▸ **YOUR OBJECTIVE**
Among the entries below, only the lines from the one with "this 414×311 image." through the one with "this 1024×768 image." are to be retyped, exactly and without pictures.

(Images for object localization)

= = =

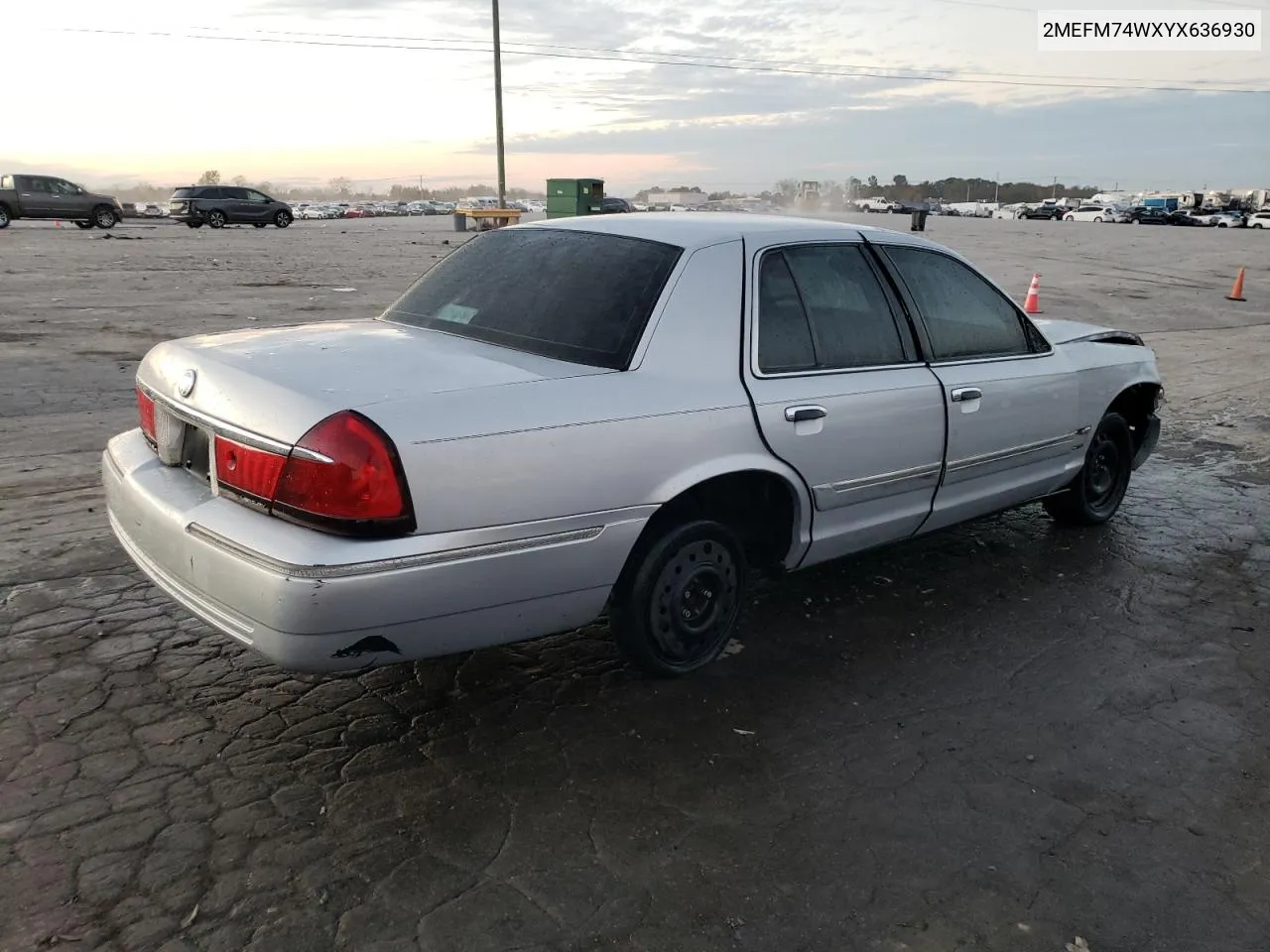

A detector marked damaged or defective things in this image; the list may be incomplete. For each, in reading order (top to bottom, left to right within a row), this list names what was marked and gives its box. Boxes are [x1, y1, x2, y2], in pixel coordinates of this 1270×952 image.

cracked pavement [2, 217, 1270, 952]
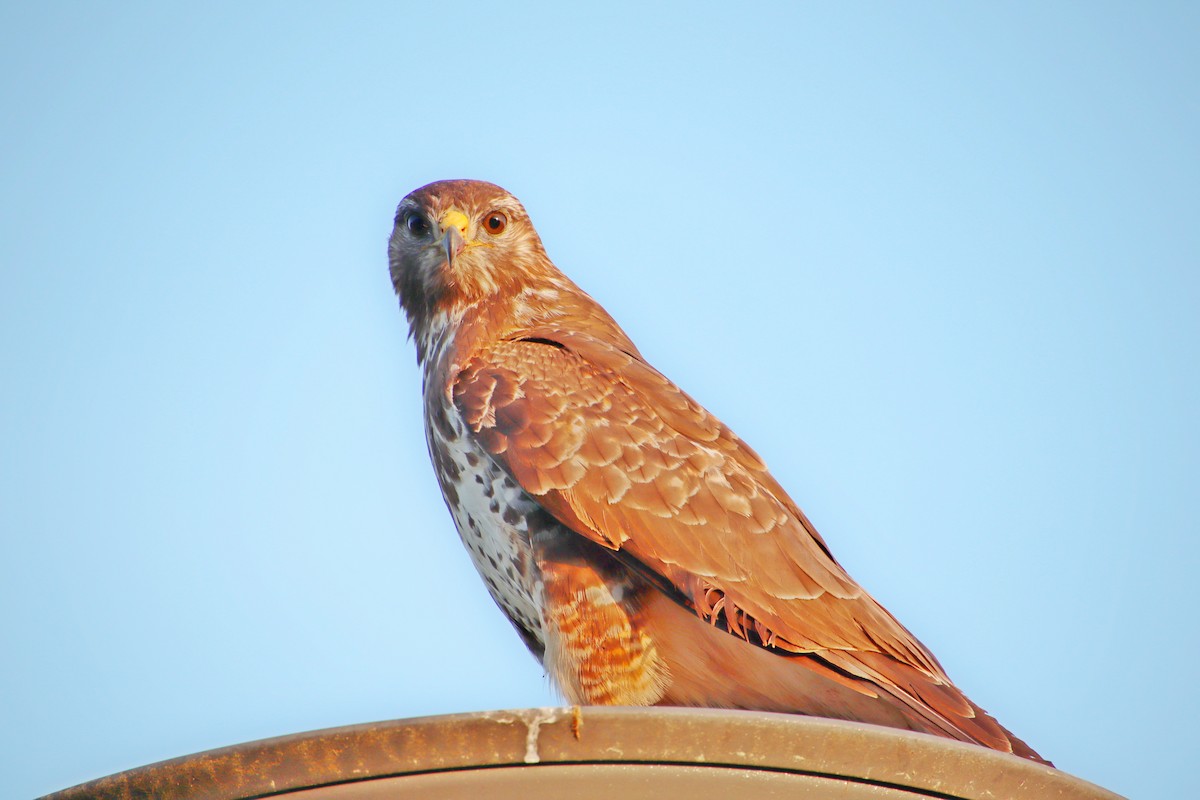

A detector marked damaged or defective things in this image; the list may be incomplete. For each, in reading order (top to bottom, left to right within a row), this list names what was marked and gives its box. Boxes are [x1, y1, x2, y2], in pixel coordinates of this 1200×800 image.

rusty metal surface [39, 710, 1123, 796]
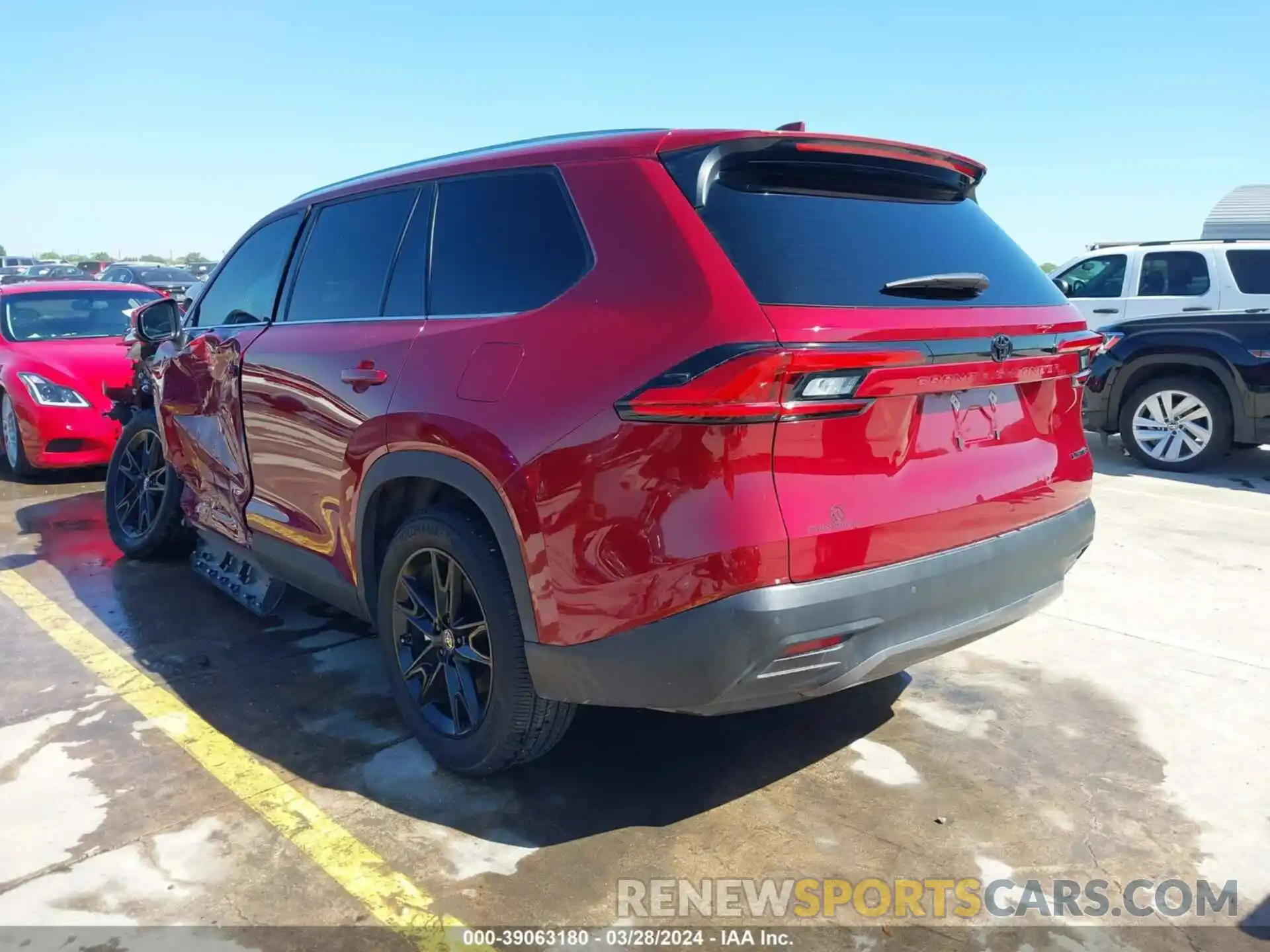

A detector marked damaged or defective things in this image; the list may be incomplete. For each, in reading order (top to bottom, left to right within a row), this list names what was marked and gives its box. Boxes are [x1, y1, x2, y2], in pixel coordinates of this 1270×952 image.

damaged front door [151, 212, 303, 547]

= = =

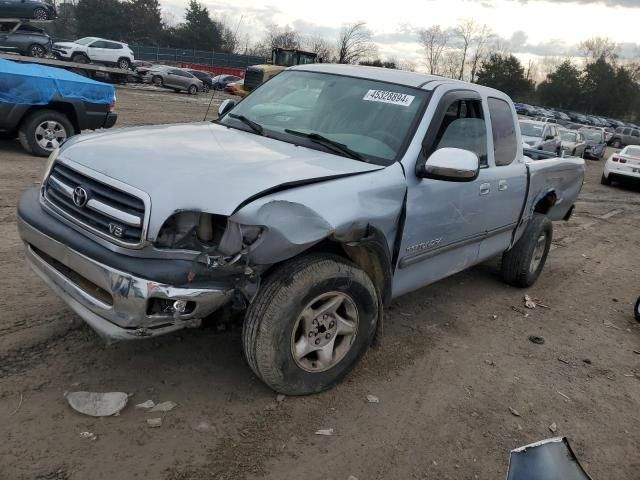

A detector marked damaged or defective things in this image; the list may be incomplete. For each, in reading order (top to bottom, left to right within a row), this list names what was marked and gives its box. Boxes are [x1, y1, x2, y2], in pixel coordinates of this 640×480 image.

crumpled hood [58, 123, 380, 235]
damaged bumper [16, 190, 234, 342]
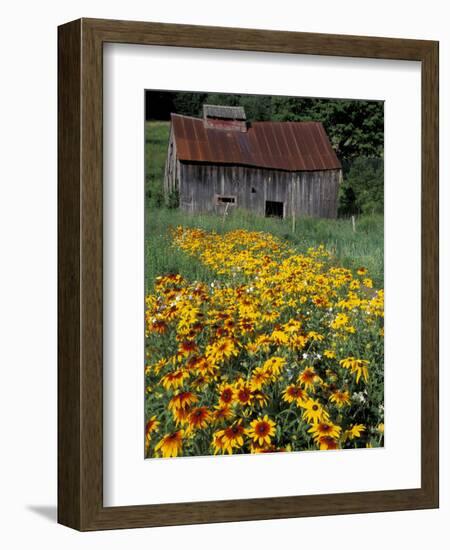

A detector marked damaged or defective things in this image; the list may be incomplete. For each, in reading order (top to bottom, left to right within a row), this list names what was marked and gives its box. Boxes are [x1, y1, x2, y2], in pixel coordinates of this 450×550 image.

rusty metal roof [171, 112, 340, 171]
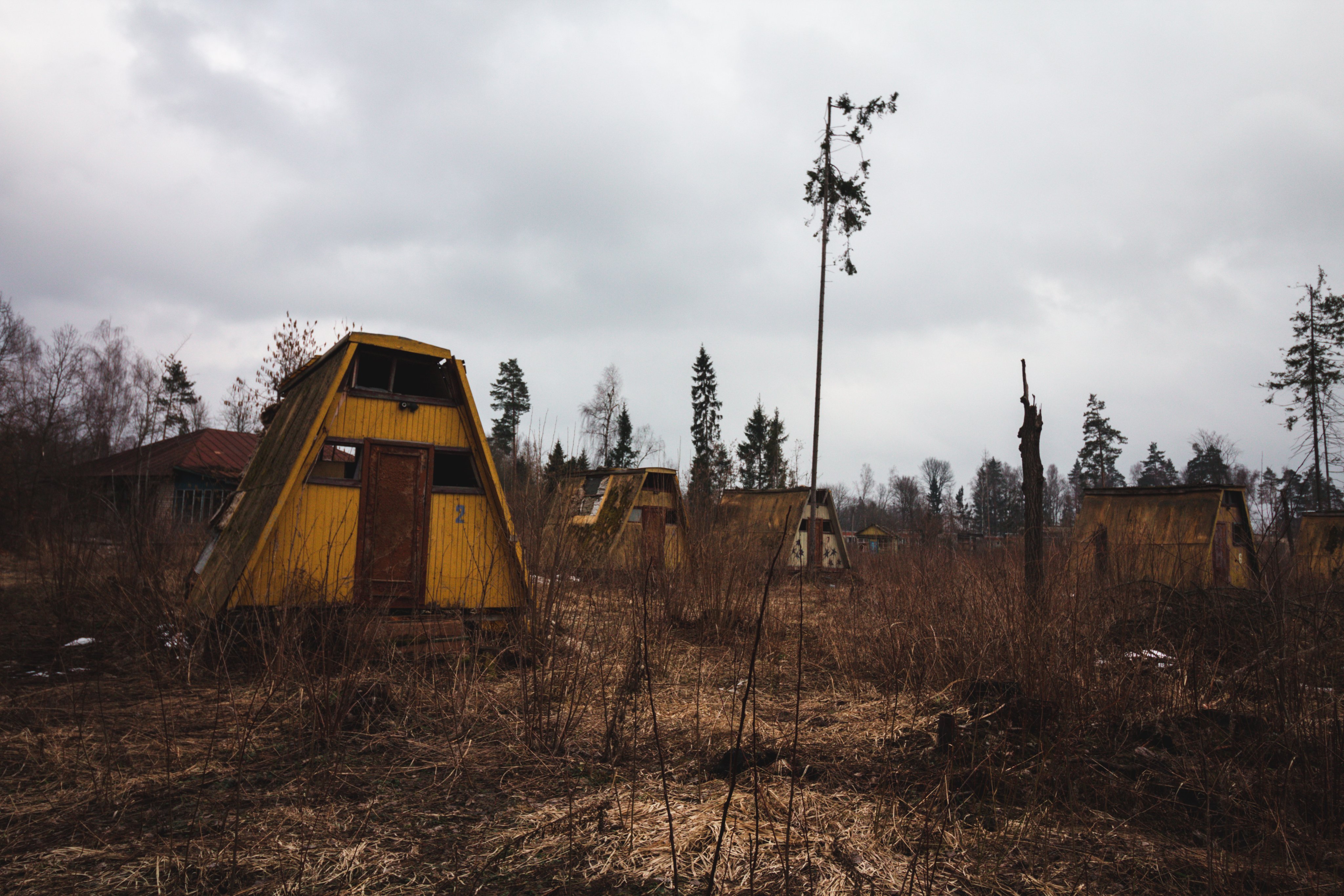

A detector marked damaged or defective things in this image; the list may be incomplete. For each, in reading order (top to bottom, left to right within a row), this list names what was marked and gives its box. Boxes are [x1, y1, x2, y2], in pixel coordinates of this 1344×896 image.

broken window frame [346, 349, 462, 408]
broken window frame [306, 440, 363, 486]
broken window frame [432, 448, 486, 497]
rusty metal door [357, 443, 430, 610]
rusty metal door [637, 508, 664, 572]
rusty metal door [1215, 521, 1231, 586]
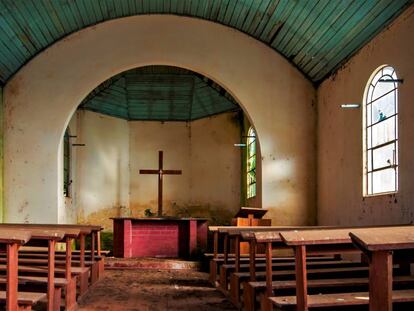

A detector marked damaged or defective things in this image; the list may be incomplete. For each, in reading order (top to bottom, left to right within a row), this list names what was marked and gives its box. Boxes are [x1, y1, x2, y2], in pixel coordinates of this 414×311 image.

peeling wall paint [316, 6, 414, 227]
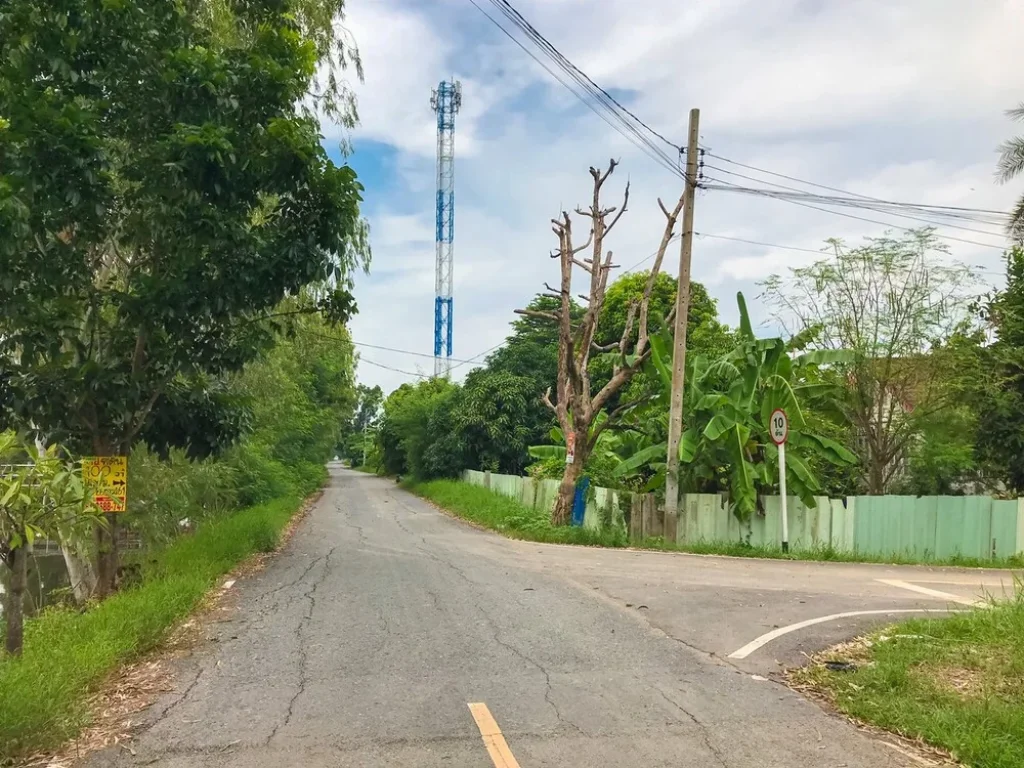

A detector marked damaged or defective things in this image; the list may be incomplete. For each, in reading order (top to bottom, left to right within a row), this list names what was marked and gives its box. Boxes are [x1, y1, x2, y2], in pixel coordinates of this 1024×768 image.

= = =

▸ **RESULT OF THIS EXERCISE**
A detector marked damaged or defective things in this image; the list may be incomplete. For each, in reading order (top to bottom, left to right within a row), this list names what was marked and gives its box. Boxes are [x1, y1, x2, y2], in pixel coordinates of this 414×311 image.

peeling wall paint [316, 6, 414, 227]

A detector marked damaged or defective things in this image; the list may be incomplete. For each, in reading order (top to bottom, left to right within a row), this list names what was marked and gives its box. Boxes are [x1, y1, x2, y2], in pixel coordinates of this 1024×768 image.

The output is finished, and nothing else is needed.